Short web captions:
============================================================
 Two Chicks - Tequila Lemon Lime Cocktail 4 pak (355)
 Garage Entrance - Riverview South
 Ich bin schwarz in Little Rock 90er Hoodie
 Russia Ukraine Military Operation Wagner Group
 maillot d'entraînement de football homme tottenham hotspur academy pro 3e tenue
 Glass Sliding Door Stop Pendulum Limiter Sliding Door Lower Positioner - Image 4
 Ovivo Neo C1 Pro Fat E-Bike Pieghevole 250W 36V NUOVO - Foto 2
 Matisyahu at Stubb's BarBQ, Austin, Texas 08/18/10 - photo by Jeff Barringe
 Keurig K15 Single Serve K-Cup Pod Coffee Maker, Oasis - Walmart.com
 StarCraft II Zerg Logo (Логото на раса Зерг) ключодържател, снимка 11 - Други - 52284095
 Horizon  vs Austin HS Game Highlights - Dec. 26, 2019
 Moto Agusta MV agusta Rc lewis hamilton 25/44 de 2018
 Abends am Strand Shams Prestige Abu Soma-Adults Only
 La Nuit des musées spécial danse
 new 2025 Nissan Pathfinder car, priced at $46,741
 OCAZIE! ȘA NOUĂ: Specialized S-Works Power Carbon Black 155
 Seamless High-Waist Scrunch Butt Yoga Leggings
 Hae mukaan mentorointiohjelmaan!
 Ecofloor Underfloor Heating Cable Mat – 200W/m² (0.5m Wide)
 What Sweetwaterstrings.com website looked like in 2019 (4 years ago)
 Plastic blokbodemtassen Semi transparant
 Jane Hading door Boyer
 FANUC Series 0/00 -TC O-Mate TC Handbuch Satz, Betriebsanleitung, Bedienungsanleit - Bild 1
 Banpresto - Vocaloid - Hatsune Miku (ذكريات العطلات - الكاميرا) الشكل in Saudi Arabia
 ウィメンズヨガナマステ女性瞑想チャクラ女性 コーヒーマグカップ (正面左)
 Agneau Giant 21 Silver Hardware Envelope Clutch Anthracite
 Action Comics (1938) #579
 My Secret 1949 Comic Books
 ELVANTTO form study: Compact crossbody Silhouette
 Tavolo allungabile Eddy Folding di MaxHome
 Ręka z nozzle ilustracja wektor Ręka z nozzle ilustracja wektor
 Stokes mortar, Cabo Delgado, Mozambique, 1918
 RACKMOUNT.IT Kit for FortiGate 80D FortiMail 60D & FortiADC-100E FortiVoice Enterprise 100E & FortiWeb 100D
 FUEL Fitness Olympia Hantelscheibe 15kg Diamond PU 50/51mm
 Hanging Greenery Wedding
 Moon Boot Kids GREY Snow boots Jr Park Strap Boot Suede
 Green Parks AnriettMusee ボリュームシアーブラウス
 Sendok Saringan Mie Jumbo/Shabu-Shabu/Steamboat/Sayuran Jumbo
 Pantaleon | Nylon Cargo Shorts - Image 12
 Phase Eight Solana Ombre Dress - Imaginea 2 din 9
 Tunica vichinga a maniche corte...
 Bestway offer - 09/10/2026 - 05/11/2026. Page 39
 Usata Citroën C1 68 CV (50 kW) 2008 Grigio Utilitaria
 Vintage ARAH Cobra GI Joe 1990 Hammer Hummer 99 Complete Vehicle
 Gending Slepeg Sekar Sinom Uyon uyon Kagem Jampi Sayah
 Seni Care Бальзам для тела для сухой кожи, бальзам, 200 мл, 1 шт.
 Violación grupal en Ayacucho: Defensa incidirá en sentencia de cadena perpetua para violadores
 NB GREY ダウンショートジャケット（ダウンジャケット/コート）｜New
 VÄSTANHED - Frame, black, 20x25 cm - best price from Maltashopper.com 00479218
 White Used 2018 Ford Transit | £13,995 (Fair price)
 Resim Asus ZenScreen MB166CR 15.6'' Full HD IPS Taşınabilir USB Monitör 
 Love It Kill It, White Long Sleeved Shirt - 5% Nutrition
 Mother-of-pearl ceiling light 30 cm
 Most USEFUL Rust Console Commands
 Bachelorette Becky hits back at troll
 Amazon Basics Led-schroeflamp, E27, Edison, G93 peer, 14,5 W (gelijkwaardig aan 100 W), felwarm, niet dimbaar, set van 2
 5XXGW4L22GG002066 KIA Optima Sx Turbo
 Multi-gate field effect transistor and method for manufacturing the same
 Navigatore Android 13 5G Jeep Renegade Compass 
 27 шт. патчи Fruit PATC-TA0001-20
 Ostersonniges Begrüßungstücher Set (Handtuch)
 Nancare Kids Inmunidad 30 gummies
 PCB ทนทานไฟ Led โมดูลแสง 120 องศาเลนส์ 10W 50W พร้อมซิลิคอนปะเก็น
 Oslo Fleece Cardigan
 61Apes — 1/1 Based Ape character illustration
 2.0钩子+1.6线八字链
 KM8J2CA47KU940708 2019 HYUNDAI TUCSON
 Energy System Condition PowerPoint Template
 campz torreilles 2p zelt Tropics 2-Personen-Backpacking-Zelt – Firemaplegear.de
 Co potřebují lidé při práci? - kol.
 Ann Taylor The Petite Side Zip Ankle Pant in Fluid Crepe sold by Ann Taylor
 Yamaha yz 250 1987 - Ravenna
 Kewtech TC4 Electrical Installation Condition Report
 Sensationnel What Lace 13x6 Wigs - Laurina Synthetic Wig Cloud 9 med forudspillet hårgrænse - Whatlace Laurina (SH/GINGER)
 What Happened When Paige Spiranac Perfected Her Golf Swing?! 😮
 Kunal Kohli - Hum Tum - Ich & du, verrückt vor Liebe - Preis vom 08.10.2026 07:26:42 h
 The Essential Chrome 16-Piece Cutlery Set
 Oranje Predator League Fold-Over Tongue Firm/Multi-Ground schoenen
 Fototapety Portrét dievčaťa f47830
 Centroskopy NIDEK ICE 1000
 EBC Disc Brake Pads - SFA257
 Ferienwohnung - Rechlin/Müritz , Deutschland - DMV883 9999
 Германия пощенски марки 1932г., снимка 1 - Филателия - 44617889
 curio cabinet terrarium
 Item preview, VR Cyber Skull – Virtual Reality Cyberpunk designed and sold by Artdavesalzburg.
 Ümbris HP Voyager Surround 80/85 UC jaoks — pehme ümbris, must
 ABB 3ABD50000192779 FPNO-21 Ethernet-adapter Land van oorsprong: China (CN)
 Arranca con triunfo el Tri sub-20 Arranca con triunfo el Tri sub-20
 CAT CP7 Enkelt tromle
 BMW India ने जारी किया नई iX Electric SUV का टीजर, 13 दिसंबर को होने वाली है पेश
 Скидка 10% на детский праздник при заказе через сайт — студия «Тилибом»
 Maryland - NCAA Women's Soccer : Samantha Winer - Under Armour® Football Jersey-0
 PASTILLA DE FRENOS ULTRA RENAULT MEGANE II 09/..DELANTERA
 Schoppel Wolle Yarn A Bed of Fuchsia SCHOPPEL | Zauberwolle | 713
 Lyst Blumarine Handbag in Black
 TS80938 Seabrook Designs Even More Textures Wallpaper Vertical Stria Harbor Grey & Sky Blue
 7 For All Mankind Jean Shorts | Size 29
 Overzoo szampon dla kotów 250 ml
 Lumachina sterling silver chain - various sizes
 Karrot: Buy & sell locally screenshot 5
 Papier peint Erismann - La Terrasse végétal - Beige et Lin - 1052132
============================================================
All lines above between those holding "RACKMOUNT.IT Kit for" and "Green Parks AnriettMusee ボリュームシアーブラウス", inclusive, must be set down unchanged, and no other line may be included.

 RACKMOUNT.IT Kit for FortiGate 80D FortiMail 60D & FortiADC-100E FortiVoice Enterprise 100E & FortiWeb 100D
 FUEL Fitness Olympia Hantelscheibe 15kg Diamond PU 50/51mm
 Hanging Greenery Wedding
 Moon Boot Kids GREY Snow boots Jr Park Strap Boot Suede
 Green Parks AnriettMusee ボリュームシアーブラウス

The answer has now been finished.